Quelles perspectives à court et moyen termes ?
Nous sommes à la veille d’un virage stratégique. En effet, avec la création du régulateur dans le secteur des assurances, les opérations d’assurance crédit commercial vont être soumises au Code des assurances et, de ce fait, nous serons autorisés à lancer l’assurance crédit domestique qui permettra d’accompagner l’entreprise marocaine sur tous les marchés. La réforme de l’assurance export publique est également envisagée cette année. On l’adaptera aux nouvelles donnes de l’environnement international et à l’évolution de notre économie. Il est en effet prévu de faire évoluer les quotités garanties, les taux de primes et les conditions d’éligibilité, mais le plus important reste d’étendre la garantie aux investisseurs marocains à l’étranger pour accompagner la dynamique en cours, notamment sur le marché africain.

À propos de ce marché africain, serait-il une panacée pour booster les exportations marocaines ?
Il représente le présent et l’avenir. Le Maroc a fait le choix stratégique de renforcer ses liens économiques avec l’Afrique subsaharienne. La SMAEX a triplé ses engagements sur le continent ! Nous accompagnons ainsi des entreprises dans plusieurs secteurs, dont le BTP, l’agroalimentaire, les technologies de l’information et de la communication, les industries électrique et électronique… Des branches qui disposent d’un fort potentiel de développement en l’Afrique.

Que faire pour remettre à niveau les échanges Sud-Sud ?
Une nouvelle répartition des flux au sein de l’économie mondiale, avec un renforcement des relations Sud-Sud, est en cours. Il faut se dire que le Sud devient important pour le Sud. Au cours de la dernière décennie, les échanges mondiaux ont été multipliés par quatre, alors que les échanges Sud-Sud ont été multipliés par dix ! La question qui nous préoccupe, à la SMAEX, est de mettre l’assurance crédit au service des exigences du développement des échanges intra-africains. Techniquement, si cette assurance couvre le risque d’insolvabilité du client, sa dimension est plus politique que commerciale, car elle est un outil de promotion des exportations et des investissements. L’État a ainsi confié à la SMAEX la gestion de l’assurance crédit publique qui garantit ce que le marché ne couvre pas : les risques politiques et le crédit à moyen terme, le temps étant toujours l’ennemi du recouvrement ! 

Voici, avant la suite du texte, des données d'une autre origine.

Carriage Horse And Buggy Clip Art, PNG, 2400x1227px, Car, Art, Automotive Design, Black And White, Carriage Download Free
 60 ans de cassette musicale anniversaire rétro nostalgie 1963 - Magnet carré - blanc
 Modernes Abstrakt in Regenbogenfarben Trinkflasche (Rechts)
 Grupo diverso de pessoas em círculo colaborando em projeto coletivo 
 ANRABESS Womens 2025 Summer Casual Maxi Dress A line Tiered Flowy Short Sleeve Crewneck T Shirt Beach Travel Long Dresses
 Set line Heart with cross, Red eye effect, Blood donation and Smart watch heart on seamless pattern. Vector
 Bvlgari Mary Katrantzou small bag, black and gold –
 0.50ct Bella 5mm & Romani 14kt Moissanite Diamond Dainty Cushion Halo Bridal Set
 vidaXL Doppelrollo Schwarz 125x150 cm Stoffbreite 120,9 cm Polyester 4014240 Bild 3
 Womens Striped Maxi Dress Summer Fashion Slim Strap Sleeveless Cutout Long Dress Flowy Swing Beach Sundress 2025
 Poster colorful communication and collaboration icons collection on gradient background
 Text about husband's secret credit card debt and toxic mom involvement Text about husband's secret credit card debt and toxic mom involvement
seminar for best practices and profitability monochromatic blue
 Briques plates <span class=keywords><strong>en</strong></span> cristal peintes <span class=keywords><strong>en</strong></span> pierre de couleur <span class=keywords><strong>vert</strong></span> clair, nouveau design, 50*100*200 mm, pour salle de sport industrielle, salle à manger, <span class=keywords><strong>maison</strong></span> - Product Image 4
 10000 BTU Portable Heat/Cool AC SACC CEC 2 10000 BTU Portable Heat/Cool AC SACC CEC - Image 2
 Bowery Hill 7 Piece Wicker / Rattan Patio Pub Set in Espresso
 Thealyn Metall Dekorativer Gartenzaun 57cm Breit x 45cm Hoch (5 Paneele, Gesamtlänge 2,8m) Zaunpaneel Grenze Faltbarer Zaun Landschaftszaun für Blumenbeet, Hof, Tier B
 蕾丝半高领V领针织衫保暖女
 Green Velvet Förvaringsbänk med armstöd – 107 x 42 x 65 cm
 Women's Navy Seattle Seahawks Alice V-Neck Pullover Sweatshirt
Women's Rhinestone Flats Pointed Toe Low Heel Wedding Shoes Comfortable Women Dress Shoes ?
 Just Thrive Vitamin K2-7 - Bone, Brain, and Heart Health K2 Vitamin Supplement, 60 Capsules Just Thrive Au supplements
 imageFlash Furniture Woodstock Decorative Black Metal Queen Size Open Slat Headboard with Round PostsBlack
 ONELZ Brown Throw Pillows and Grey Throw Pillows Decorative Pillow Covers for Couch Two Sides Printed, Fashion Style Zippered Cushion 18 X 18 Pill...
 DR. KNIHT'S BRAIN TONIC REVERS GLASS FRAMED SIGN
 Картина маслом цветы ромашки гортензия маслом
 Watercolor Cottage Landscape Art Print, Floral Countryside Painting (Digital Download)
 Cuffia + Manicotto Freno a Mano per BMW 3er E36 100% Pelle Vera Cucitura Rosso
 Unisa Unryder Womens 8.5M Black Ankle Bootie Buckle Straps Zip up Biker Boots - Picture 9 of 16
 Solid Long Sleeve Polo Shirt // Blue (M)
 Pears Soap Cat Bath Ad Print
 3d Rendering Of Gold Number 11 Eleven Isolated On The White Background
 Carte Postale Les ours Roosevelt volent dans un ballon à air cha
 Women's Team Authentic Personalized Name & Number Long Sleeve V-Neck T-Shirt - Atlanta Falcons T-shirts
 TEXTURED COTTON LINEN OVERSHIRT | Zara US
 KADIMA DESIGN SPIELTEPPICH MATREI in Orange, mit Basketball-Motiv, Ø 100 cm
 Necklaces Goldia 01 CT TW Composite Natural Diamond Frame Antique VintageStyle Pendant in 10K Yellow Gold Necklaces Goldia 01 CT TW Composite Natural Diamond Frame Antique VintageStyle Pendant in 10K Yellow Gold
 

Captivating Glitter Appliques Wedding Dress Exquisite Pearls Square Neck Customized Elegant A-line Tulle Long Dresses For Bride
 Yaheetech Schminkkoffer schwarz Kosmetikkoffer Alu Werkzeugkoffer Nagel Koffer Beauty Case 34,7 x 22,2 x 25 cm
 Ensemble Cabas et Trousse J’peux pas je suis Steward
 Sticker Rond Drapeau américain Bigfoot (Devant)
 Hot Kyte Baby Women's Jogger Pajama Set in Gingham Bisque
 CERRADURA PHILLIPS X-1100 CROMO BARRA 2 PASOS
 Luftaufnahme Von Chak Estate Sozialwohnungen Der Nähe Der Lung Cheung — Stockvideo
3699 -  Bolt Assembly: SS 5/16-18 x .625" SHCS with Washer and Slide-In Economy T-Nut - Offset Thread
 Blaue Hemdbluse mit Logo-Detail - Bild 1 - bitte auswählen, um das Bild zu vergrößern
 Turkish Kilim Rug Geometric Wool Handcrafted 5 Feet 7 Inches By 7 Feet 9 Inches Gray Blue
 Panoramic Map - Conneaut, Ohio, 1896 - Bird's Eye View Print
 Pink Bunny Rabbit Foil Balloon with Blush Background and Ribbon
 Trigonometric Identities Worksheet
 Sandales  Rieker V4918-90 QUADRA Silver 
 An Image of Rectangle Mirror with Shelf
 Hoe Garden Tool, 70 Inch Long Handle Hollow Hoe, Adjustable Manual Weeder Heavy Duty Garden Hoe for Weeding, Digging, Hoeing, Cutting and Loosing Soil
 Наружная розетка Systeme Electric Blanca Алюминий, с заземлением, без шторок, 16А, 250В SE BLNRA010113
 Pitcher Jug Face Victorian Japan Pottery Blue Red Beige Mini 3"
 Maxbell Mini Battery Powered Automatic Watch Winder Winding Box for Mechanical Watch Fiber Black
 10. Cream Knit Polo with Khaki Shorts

Portrait : Une femme de tête et de poigne

Dans les discussions autour de l’analyse économique et du consulting, le nom de Nezha Lahrichi est quasiment incontournable. Ses interventions dans les conférences et forums, ses interventions sur les mémoires universitaires, ses études sectorielles et ses avis à propos de la conjoncture font autorité.
L’actuelle présidente de la Société marocaine d’assurance à l’export est une intellectuelle au long cours. Titulaire d’un doctorat d’État en sciences économiques, elle a contribué, entre autres, à l’élaboration du rapport sur l’état d’avancement des dossiers économiques suivis et initiés par la Primature. Elle a également participé à des débats décisifs sur les questions monétaires et financières, tels l’accompagnement et la préparation de plusieurs projets de lois de Finances, le suivi de dossiers relatifs au système financier, etc.

Sur la gestion du secteur public, elle a suivi les opérations de privatisation, par exemple de la CTM (Compagnie Marocaine de Transport), la BMCE Bank ou encore Maroc Telecom.
Nezha Lahrichi a aussi assumé des fonctions de conseillère au cabinet de la Primature. C’est d’ailleurs l’une des rares personnes à être restées dans ce département pendant près d’une dizaine d’années. Ce faisant, elle a travaillé avec trois premiers ministres : Abdellatif Filali, Abderrahmane Youssoufi et Driss Jettou. En 2005, elle a été nommée présidente de la SMAEX, fonction où on lui a reconnu de la compétence, de l’autorité et du pragmatisme. En mai 2011, elle est désignée par ses pairs à la présidence du CNCE (Conseil national du commerce extérieur), rebaptisé Observatoire des exportations.